More than 1 year has passed since last update.

MSTICpy Splunkからのデータ取得方法と致命的なバグの修正

Last updated at 2023-08-31Posted at 2023-05-15

伝えたいこと

MSTICpyを用いてSplunkからデータを取得するいくつかの方法の紹介します。
現在の最新リリースバージョン v2.4.0 にて、SplunkGeneral.get_events_parameterized関数から呼ばれるJob.results()のSplunk SDK Pythonを処理する際に先頭100件しか取得できないバグを発見したため、コードを修正し提案しました。そのPull Requestが本家レポジトリにマージされたので、そのパッチ適用についての共有です。
　
なお本バグの修正コードは次バージョン v2.5.0にて自動で適用される予定です。

追加: 2023.05.27 v2.5.0がリリースされました。よってv2.5 以上の最新バージョンを利用することでバグを回避できます。https://github.com/microsoft/msticpy/releases

※ 「MSTICPyとは？」については以前投稿しましたこちらをご参考ください。
https://qiita.com/hackeT/items/fabf6d7f76052f15cb26

MSTICpyでSplunkのデータを取得するには

MSTICpyでSplunkのデータを取得するにはQueryProviderというデータコネクターおよび組み込みサーチ関数の機能を利用します。
QueryProviderはSplunk以外にも、Microsoft SentinelやDefenderといった他のベンダーリソースへの接続もサポートしており、Splunkからのデータ取得用のコネクターは Splunk Providerと呼ばれます。
https://msticpy.readthedocs.io/en/latest/data_acquisition/SplunkProvider.html

上記リンク先に英語ではありますが、Splunk Providerの設定方法とデータ取得サンプルがあります。また以下のレポジトリのNotebook In [17]: より Splunkからのデータ取得方法についてのデモがありますので素直に実行した際のエラーなどの参考になると思います。
https://github.com/Tatsuya-hasegawa/MSTICPy_utils/blob/main/msticpy_light_tutorial.ipynb

msticpyはインストール済みという想定で、かいつまんで紹介します。

追加ライブラリのインストール

pip install msticpy[splunk]

A. Splunkのクレデンシャルをハードコードした接続

import msticpy as mp
mp.init_notebook()
splunk_uri = "localhost"
splunk_user = "api_msticpy" # ダミー例
splunk_password = "dummypassword" # ダミー例
qry_prov = mp.QueryProvider("Splunk")
qry_prov.connect(host=splunk_uri, username=splunk_user, password=splunk_password)

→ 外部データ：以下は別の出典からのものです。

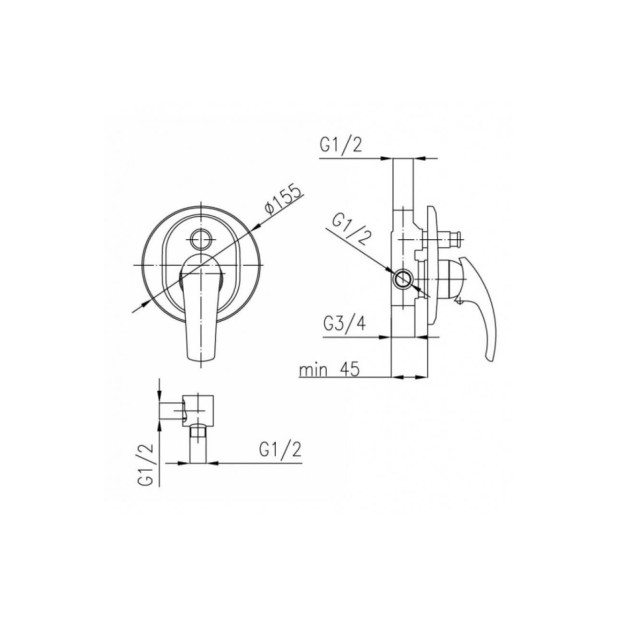 Смеситель скрытого монтажа Armatura Cyrcon (75984897c)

これによりlocalhost:8089 のSplunk REST APIにアクセスし、認証を試みます。Splunkとの接続に成功するとconnectedとレスポンスが返ってきます。うまく接続できない場合は、上記REST API接続するユーザー(splunk_user)のroleに、adminもしくはsplunk-system-roleが付与されていることをご確認ください。
検証したところ、単なるuserやpowerのロールのみでは失敗しました。

B. msticpyconfig.yamlにクレデンシャルを登録した接続

msticpyconfig.yamlに対象のSplunkとユーザー情報を登録し、Pythonコード内にハードコードでの指定をしない方法もあります。

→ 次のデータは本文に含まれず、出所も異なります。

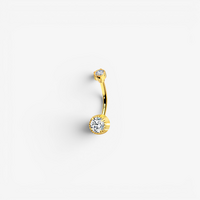 Gold Titanium Double Jewelled Belly Ring Round Cubic Zirconia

msticpyconfig.yaml内に以下のようにSplunkセクションをDataProvidersのセクションを追加します。（localhost:8089がSplunk REST API接続先の例、v2.6.0以上を利用している場合はポート番号をクオテーションで囲って文字列にしないとエラーが出ます。）

DataProviders:
  Splunk:
      Args:
        host: localhost
        port: "8089"
        username: "api_msticpy"  # ダミー例
        password: "dummypassword" # ダミー例

msticpyconfig.yamlを利用した場合、init_notebook()の実行中に上記設定がロードされます。

import msticpy as mp
mp.init_notebook()
splunk_prov = mp.QueryProvider("Splunk")
splunk_prov.connect()

Splunkからのデータ取得方法

A. 任意のSplunkクエリをexec_query関数にて実行する (Adhoc)

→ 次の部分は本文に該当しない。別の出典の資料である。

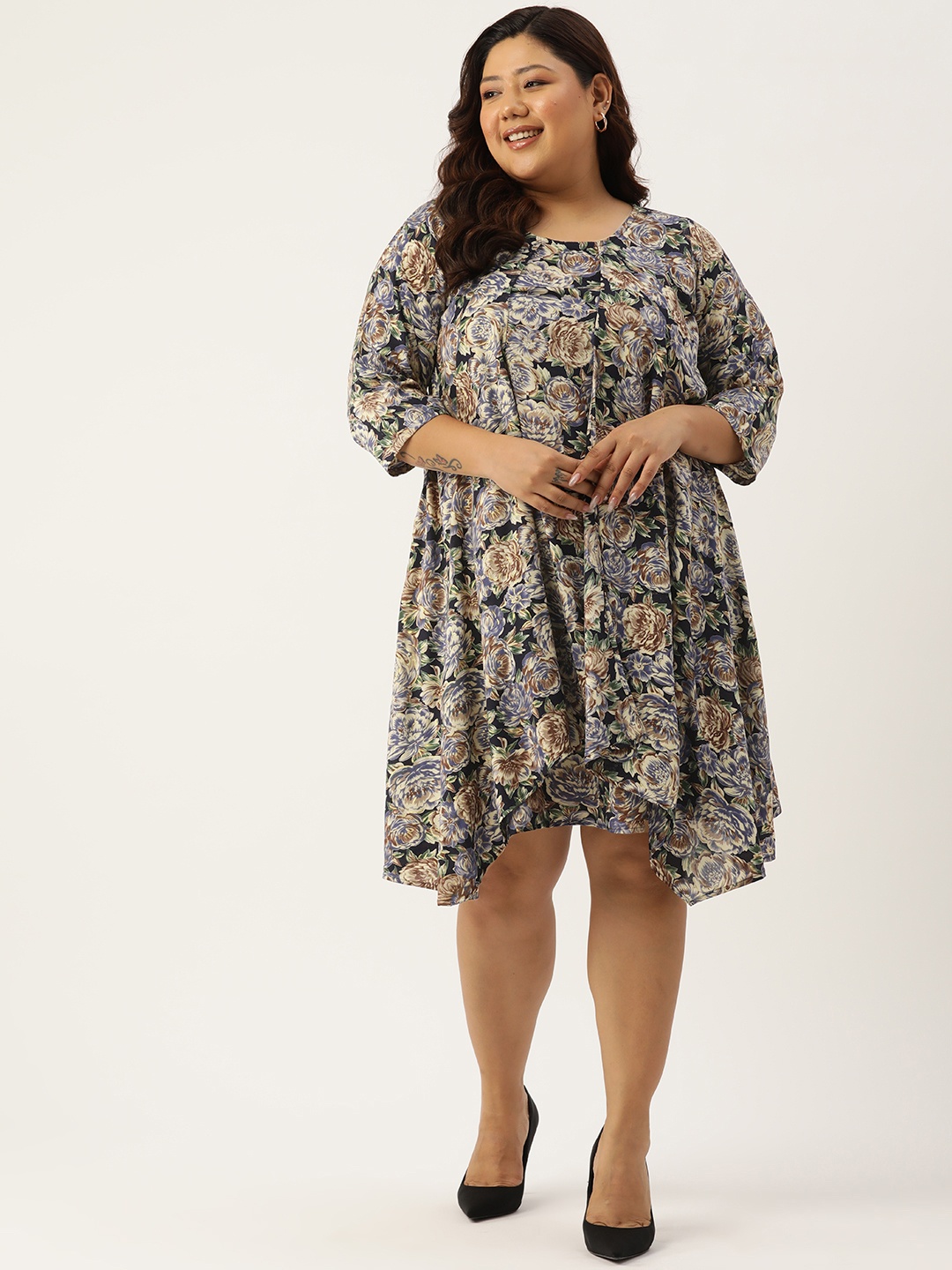 

theRebelinme Plus Size Floral Print Layered A-Line Dress, Navy blue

SPLを指定してクエリを実行します。msticpyではQueryProviderで取得したデータの戻り値はpandas DataFrameになります。

splunk_query = '''
search index="_internal"
| head 5
| table *
'''
df = splunk_prov.exec_query(splunk_query)

B. 組み込み関数を利用する

Query ProviderにはSPLが自動で関数内に埋め込まれている組み込み関数がいくつかあります。
組み込み関数の一覧を表示するには list_queries()をコールします。

In:
splunk_prov.list_queries()

Out:
['Alerts.list_alerts',
 'Alerts.list_alerts_for_dest_ip',
 'Alerts.list_alerts_for_src_ip',
 'Alerts.list_alerts_for_user',
 'Alerts.list_all_alerts',
 'Authentication.list_logon_failures',
 'Authentication.list_logons_for_account',
 'Authentication.list_logons_for_host',
 'Authentication.list_logons_for_source_ip',
 'SplunkGeneral.get_events_parameterized',
 'SplunkGeneral.list_all_datatypes',
 'SplunkGeneral.list_all_savedsearches',
 'audittrail.list_all_audittrail']

それぞれ目的に沿って必要最低限のSPLが事前に組み込まれています。例えばSplunkGeneral.get_events_parameterized関数がその中でも最も汎用的ですが
print引数を与えると、クエリを発行する前に事前にどういうクエリがSplunkで実行されるかを確認できるので便利です。以下は、Splunk BOTS v2のデータに対する試行です。

先頭100件しか取得できないバグとその原因

SplunkGeneral.get_events_parameterized関数に先頭100件しか取得できないバグを発見しました。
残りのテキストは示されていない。